There is, according to Beleites, a malicious journalistic imbalance. He shows off pile after pile of magazines, journals and printouts from the Internet. All of it dog lover media – Dogs Today, Der Hund (“The Dog”), Partner Hund (“Partner Dog”), Dog’s Avenue, Mein Hund & Ich (“My Dog and Me”), and, naturally, for the discipline-obsessed Teutonic soul SitzPlatzFuss (“Sit, Stay, Heel”). And, truth be told, check out the average magazine stand in Germany and you will indeed see that there is a dog-lover’s mania up there with the usual fashion and teen idol propaganda.

“It all started for me when I was a child,” he says. “I was bitten by my grandfather’s Pomeranian.”

Now, though, it’s piles of dog poop in schoolyards, pedestrian areas, and playgrounds and an American-led epidemic in the anthropomorphism of dogs. Yet he does not see himself as a fanatic.  It’s all in good humor, he insists. “I announce my aversion to dogs with a wink and a nod.” Indeed Kot & Köter will be loose and humorous, atypical topics will include “Slutty poodles and lewd dogs: The role of dogs in the sex trade”, “Abandonment tips” and “What is ‘playing’ and what oversteps ‘the bounds”.

Yet these kinds of jokes often fail to amuse.  There are five million dogs at least in Germany and ten million people live in homes where there is at least one dog. That’s ten million folk he can really irritate, and many of them wasted no time in voicing their irritation to DDW, a German news network, after it broadcast a light puff-piece about him. Supposedly more than a million watchers called in their protests. Beleites is savvy, that’s for sure, but if you’re of a certain age he’s old news already. Between 1992-1998, although he has never published a single copy of his proposed magazine, Beleites made himself a television talk show star. “The enemy of all dogs,” he came up with a formula for the amount of excrement a dog produces: “Body weight times three divided by 50.” This led to his becoming a celebrity and charging 1,000 instead of 500 deutsche marks for an appearance.

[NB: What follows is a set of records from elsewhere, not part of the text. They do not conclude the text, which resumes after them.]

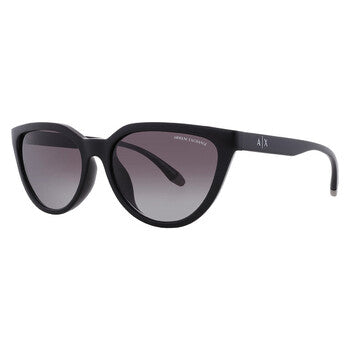 Armani Exchange AX4130SU 81588G 56 0mm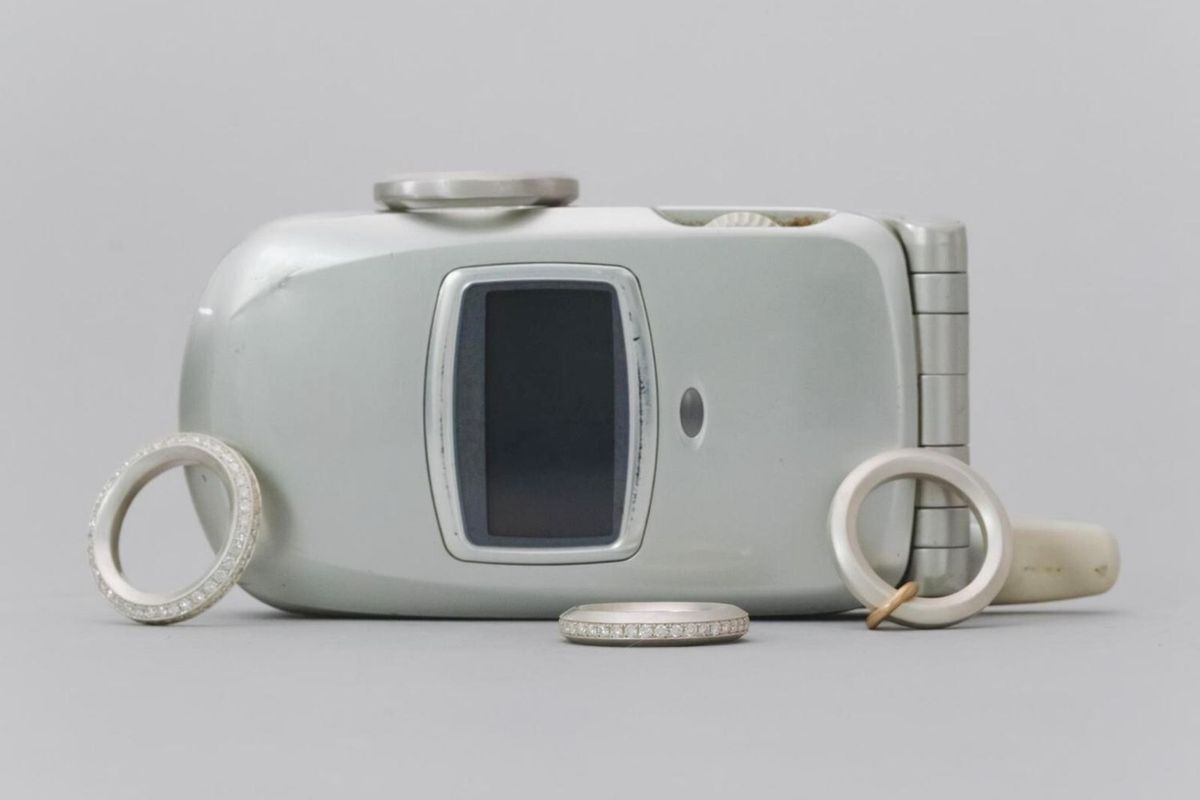 Rokka Collection キービジュアル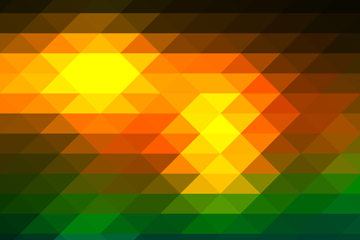ƴɫ޷챳ʸز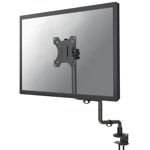 Neomounts FPMA-D010BLACK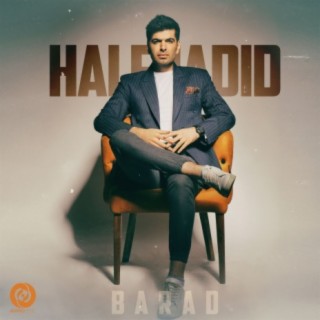 Barad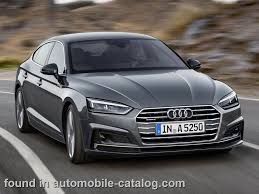 Image result for Lava Gray 2017 A5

Yet he quit talk shows in 1998 because he “couldn’t go out to a public breakfast without being threatened.” There were hundreds of ‘anonymous threats.’ He was afraid when he left the house with his small children. Now Beleites is back and, he insists, he is serious. He has started an appeal for donations on the journalism crowd funding website Krautreporter with the aim of raising EUR 7,000. Once the donations are forthcoming, he will produce the pilot edition of Kot & Köte.

The deadline for donations on Krautreporter was November 25, 2013. By the evening of Monday, December 2, the total was only EUR 445. Beleites is still an optimist, however. There’s no market research, he told Der Spiegel, but, “There are enough dog enemies, opponents and haters who would be pleased if there were a magazine for them.”

There is a rule of thumb Beleites tells everybody:  “It’s possible to make money out of shit if you use it well!”